[PROBLEM STATEMENT] An identical copy of the data below is needed.

Top of PROVIDED INFORMATION

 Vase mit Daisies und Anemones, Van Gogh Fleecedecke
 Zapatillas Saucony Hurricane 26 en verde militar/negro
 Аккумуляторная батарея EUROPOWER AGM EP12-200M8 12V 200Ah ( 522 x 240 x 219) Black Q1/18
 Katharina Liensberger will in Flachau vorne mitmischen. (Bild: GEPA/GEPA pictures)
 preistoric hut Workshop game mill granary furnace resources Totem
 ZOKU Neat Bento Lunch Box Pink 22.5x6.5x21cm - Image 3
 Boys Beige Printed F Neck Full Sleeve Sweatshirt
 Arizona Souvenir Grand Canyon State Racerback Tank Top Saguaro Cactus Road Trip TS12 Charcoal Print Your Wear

Bottom of PROVIDED INFORMATION

[RESULT OF THE EXERCISE]
 Vase mit Daisies und Anemones, Van Gogh Fleecedecke
 Zapatillas Saucony Hurricane 26 en verde militar/negro
 Аккумуляторная батарея EUROPOWER AGM EP12-200M8 12V 200Ah ( 522 x 240 x 219) Black Q1/18
 Katharina Liensberger will in Flachau vorne mitmischen. (Bild: GEPA/GEPA pictures)
 preistoric hut Workshop game mill granary furnace resources Totem
 ZOKU Neat Bento Lunch Box Pink 22.5x6.5x21cm - Image 3
 Boys Beige Printed F Neck Full Sleeve Sweatshirt
 Arizona Souvenir Grand Canyon State Racerback Tank Top Saguaro Cactus Road Trip TS12 Charcoal Print Your Wear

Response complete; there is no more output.